Available data:
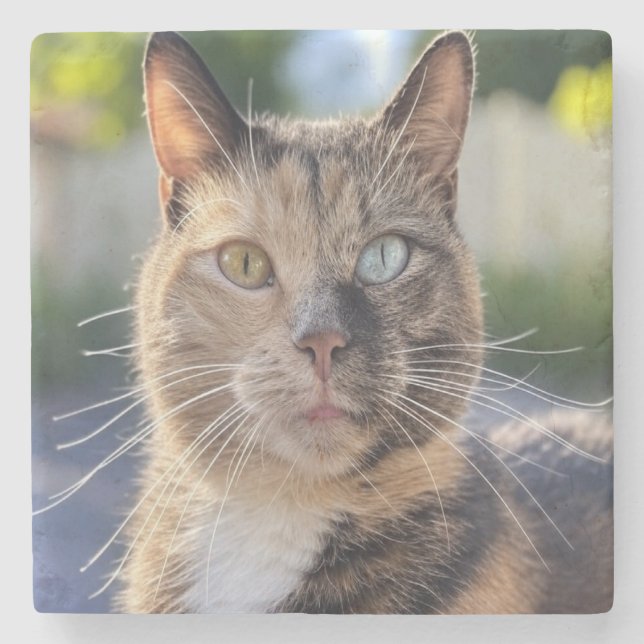 Add Cat Photo Customise Stone Coaster (Front)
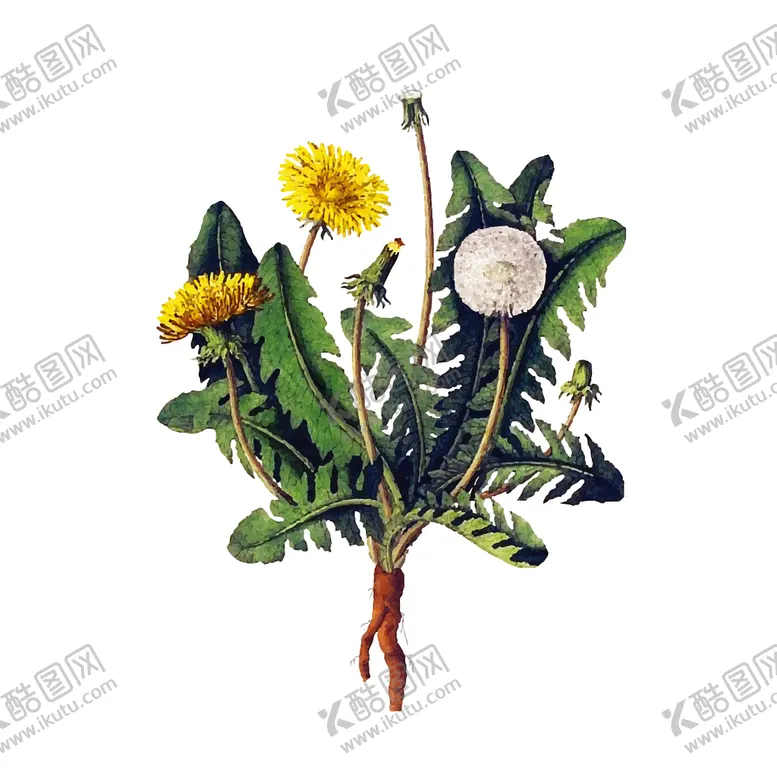 编号：71762210182127539668【酷图网】源文件下载-蒲公英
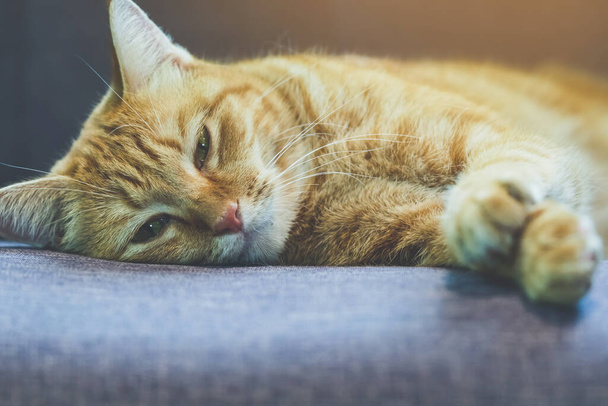 Un gato yace en el sofá. Gato doméstico de pelo largo en un sofá. Un gato jengibre relajándose en el sofá de la sala de estar. Lindo gato esponjoso se encuentra en el sofá. Tabby precioso gatito con ojos verdes y pelo largo y castaño. - Foto, Imagen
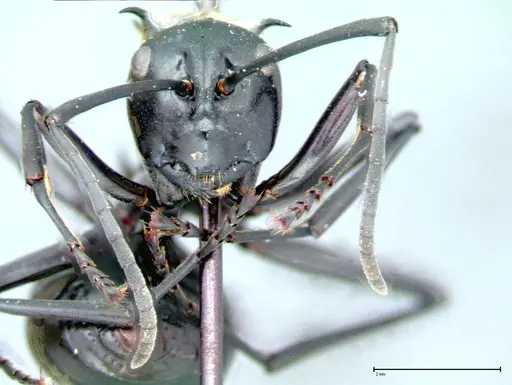 Polyrhachis horni specimen FOCOL0087 image focol0087_2
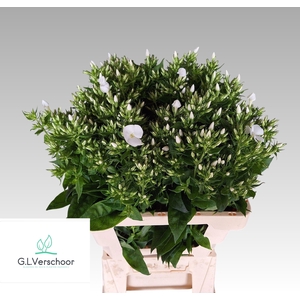 PHLOX PANICULATA OV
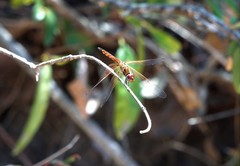 Trithemis selika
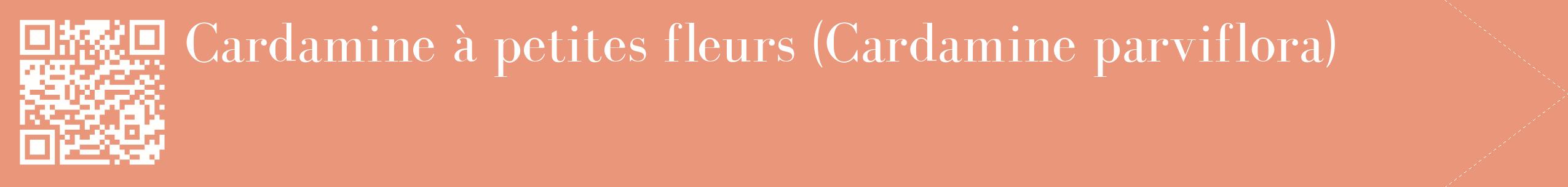 étiquette 2
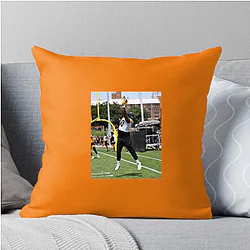 Darnell Washington Limited Collection Darnell Washington Pillows Cover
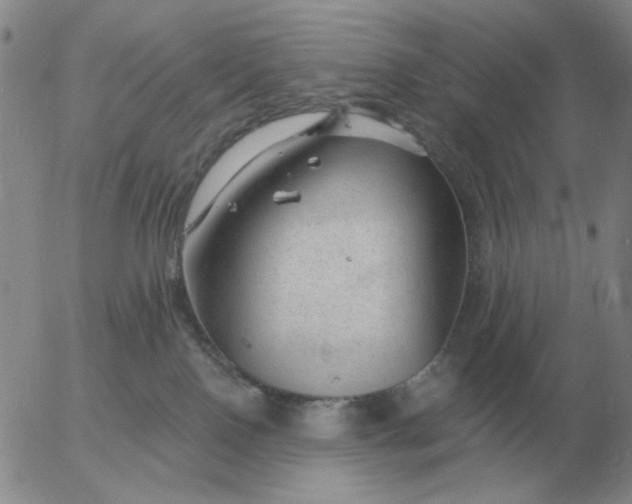 X0000055520090200509022135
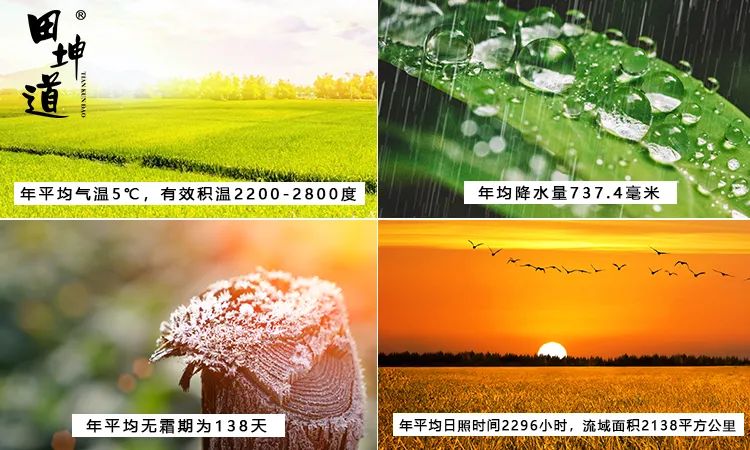 富硒大米和贡米哪个好吃(富硒大米好在哪)-硒宝网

Assignment: Return all of the material exactly, without pictures.

Solution for this problem:
 Add Cat Photo Customise Stone Coaster (Front)
 编号：71762210182127539668【酷图网】源文件下载-蒲公英
 Un gato yace en el sofá. Gato doméstico de pelo largo en un sofá. Un gato jengibre relajándose en el sofá de la sala de estar. Lindo gato esponjoso se encuentra en el sofá. Tabby precioso gatito con ojos verdes y pelo largo y castaño. - Foto, Imagen
 Polyrhachis horni specimen FOCOL0087 image focol0087_2
 PHLOX PANICULATA OV
 Trithemis selika
 étiquette 2
 Darnell Washington Limited Collection Darnell Washington Pillows Cover
 X0000055520090200509022135
 富硒大米和贡米哪个好吃(富硒大米好在哪)-硒宝网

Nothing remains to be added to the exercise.